Repeat the data below word for word.

> **MATERIALS PROVIDED**:
──────

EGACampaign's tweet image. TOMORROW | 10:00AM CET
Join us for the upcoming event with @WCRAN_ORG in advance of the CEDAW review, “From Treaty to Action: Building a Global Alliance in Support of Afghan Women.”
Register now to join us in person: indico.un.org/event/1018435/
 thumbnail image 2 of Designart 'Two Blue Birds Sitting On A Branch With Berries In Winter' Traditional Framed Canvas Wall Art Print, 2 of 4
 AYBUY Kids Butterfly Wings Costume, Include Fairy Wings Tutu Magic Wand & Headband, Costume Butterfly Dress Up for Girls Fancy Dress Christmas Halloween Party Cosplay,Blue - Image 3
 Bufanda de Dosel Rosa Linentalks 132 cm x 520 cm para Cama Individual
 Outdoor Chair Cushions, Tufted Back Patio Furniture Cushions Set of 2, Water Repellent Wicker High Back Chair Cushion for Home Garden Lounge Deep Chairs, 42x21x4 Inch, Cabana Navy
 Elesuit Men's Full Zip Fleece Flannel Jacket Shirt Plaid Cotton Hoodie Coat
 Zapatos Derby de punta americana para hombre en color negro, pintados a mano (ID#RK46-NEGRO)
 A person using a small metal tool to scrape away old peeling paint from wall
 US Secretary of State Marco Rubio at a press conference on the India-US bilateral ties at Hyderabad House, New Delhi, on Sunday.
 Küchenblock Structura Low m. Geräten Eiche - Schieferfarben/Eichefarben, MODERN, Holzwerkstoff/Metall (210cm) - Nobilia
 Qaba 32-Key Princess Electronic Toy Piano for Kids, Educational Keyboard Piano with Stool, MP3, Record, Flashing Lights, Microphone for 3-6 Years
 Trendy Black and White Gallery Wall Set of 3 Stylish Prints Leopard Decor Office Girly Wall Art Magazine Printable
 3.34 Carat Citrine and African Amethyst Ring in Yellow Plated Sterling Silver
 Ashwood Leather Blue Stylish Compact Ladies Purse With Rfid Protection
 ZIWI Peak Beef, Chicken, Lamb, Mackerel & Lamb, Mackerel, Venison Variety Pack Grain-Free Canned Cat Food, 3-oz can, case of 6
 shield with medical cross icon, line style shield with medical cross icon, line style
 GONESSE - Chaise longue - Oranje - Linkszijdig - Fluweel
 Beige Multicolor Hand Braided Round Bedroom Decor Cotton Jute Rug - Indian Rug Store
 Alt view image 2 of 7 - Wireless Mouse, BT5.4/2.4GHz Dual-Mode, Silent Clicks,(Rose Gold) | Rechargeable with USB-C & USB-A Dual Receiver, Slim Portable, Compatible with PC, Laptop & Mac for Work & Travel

──────

> **RESPONSE TO THIS TASK**:
EGACampaign's tweet image. TOMORROW | 10:00AM CET
Join us for the upcoming event with @WCRAN_ORG in advance of the CEDAW review, “From Treaty to Action: Building a Global Alliance in Support of Afghan Women.”
Register now to join us in person: indico.un.org/event/1018435/
 thumbnail image 2 of Designart 'Two Blue Birds Sitting On A Branch With Berries In Winter' Traditional Framed Canvas Wall Art Print, 2 of 4
 AYBUY Kids Butterfly Wings Costume, Include Fairy Wings Tutu Magic Wand & Headband, Costume Butterfly Dress Up for Girls Fancy Dress Christmas Halloween Party Cosplay,Blue - Image 3
 Bufanda de Dosel Rosa Linentalks 132 cm x 520 cm para Cama Individual
 Outdoor Chair Cushions, Tufted Back Patio Furniture Cushions Set of 2, Water Repellent Wicker High Back Chair Cushion for Home Garden Lounge Deep Chairs, 42x21x4 Inch, Cabana Navy
 Elesuit Men's Full Zip Fleece Flannel Jacket Shirt Plaid Cotton Hoodie Coat
 Zapatos Derby de punta americana para hombre en color negro, pintados a mano (ID#RK46-NEGRO)
 A person using a small metal tool to scrape away old peeling paint from wall
 US Secretary of State Marco Rubio at a press conference on the India-US bilateral ties at Hyderabad House, New Delhi, on Sunday.
 Küchenblock Structura Low m. Geräten Eiche - Schieferfarben/Eichefarben, MODERN, Holzwerkstoff/Metall (210cm) - Nobilia
 Qaba 32-Key Princess Electronic Toy Piano for Kids, Educational Keyboard Piano with Stool, MP3, Record, Flashing Lights, Microphone for 3-6 Years
 Trendy Black and White Gallery Wall Set of 3 Stylish Prints Leopard Decor Office Girly Wall Art Magazine Printable
 3.34 Carat Citrine and African Amethyst Ring in Yellow Plated Sterling Silver
 Ashwood Leather Blue Stylish Compact Ladies Purse With Rfid Protection
 ZIWI Peak Beef, Chicken, Lamb, Mackerel & Lamb, Mackerel, Venison Variety Pack Grain-Free Canned Cat Food, 3-oz can, case of 6
 shield with medical cross icon, line style shield with medical cross icon, line style
 GONESSE - Chaise longue - Oranje - Linkszijdig - Fluweel
 Beige Multicolor Hand Braided Round Bedroom Decor Cotton Jute Rug - Indian Rug Store
 Alt view image 2 of 7 - Wireless Mouse, BT5.4/2.4GHz Dual-Mode, Silent Clicks,(Rose Gold) | Rechargeable with USB-C & USB-A Dual Receiver, Slim Portable, Compatible with PC, Laptop & Mac for Work & Travel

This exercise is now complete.